Post-match I couldn't help but wonder why I had never made a pie. So, I took inspiration and instruction from a recipe for parsnip and steak pie in Gregg-cuddly-cockney-of-MasterChef-fame-Wallace's A cook's year in order to come up with a Norwich city "match pie" of my own. 'ere we go...

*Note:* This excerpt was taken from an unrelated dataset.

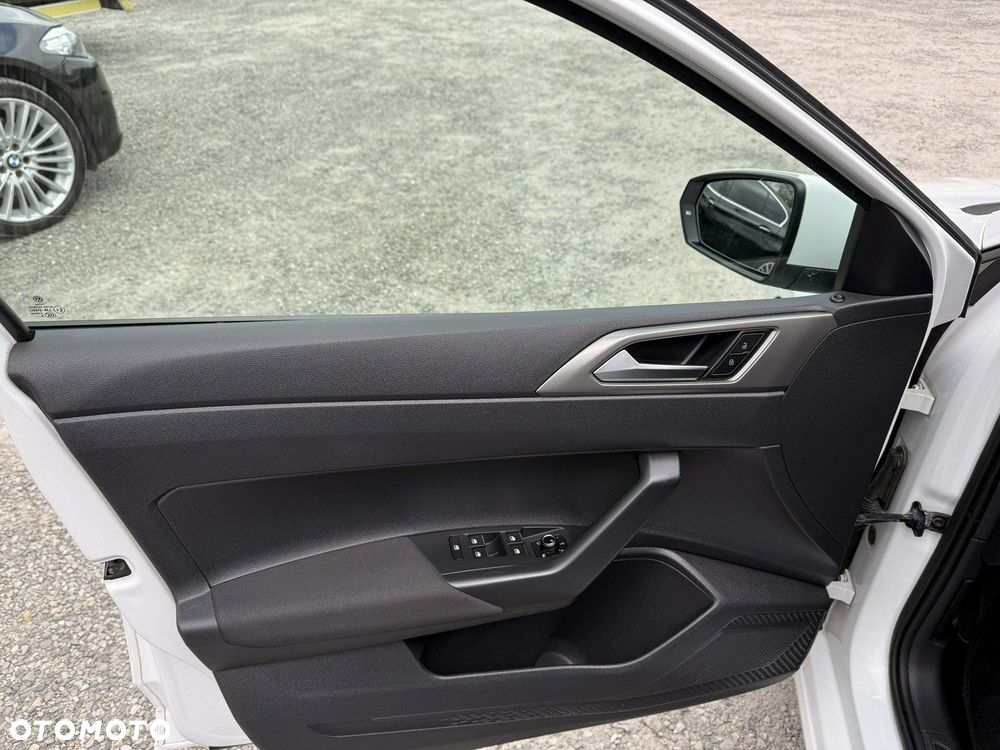 Volkswagen Polo - 12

a dash of sunflower oil, a knob of butter, 450g stewing steak, 1 onion finely sliced, 1 tbsp flour, 250ml vegetable stock, 150ml Broadside ale, 1 tsp thyme, 1 teaspoon Colman's wholegrain mustard, 1 tsp Marmite, 450g mix of parsnips and carrots thickly sliced, 250g puff pastry
Preheat the oven to 180 C - melt oil and butter - brown meat - remove meat and place in pie dish - sweat onions - add flour - fry for a few minutes - add stock and boil - add ale, thyme, mustard and marmite - bring to the boil and pour the sauce over the meat - braise in the oven for an hour - meanwhile blanch parsnips and carrots in boiling water for 3 minutes - drain - [time passes] - add vegetables to the meat - braise meat and veg for a further hour - leave for a few hours or overnight to cool - [did I mention this is a delayed gratification pie?]
- preheat the oven to 220 C - roll out pastry on a floured surface until it is larger than the pie dish - cut 2.5cm strips and stick these to the edge of the pie dish with water - place the pastry on top of the pie - push the pastry together firmly at the edges to seal - make pastry leaves to decorate if you fancy (I did) - glaze with milk or beaten egg - bake for 30 minutes.
A little over-golden brown perhaps but I don't mind. Look, I made a pie!